(Records for the exercise Opens)

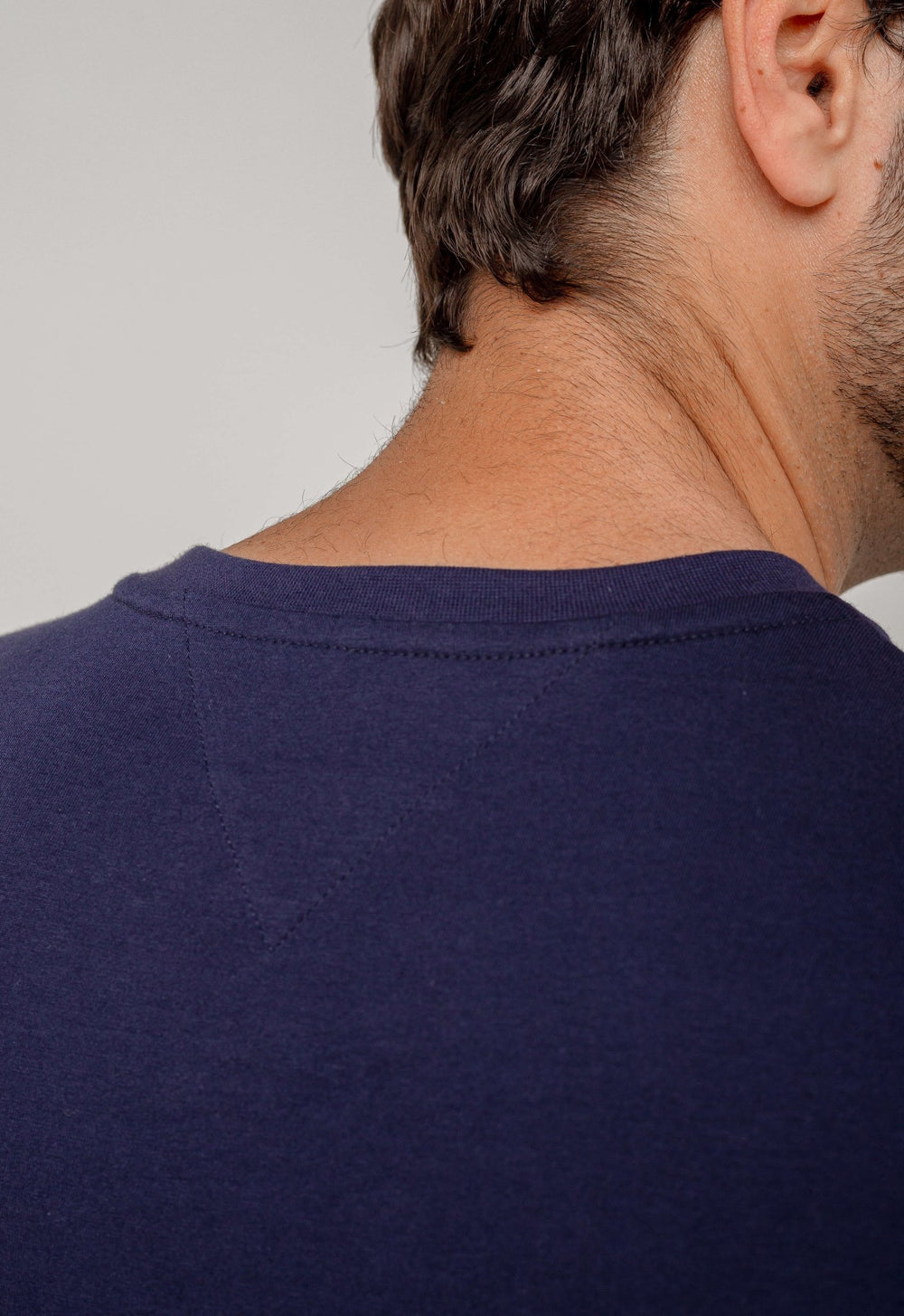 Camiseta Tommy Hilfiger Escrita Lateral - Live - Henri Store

(Records for the exercise Closes)
(Records for the exercise Opens)

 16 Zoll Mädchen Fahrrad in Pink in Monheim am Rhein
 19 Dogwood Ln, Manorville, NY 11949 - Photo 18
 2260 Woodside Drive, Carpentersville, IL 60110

(Records for the exercise Closes)

Work to be completed » Given the data above, transcribe exactly the lines from the one containing "19 Dogwood Ln, Manorville, NY" down to the one containing "2260 Woodside Drive, Carpentersville, IL", and no others.

Output for this exercise »
 19 Dogwood Ln, Manorville, NY 11949 - Photo 18
 2260 Woodside Drive, Carpentersville, IL 60110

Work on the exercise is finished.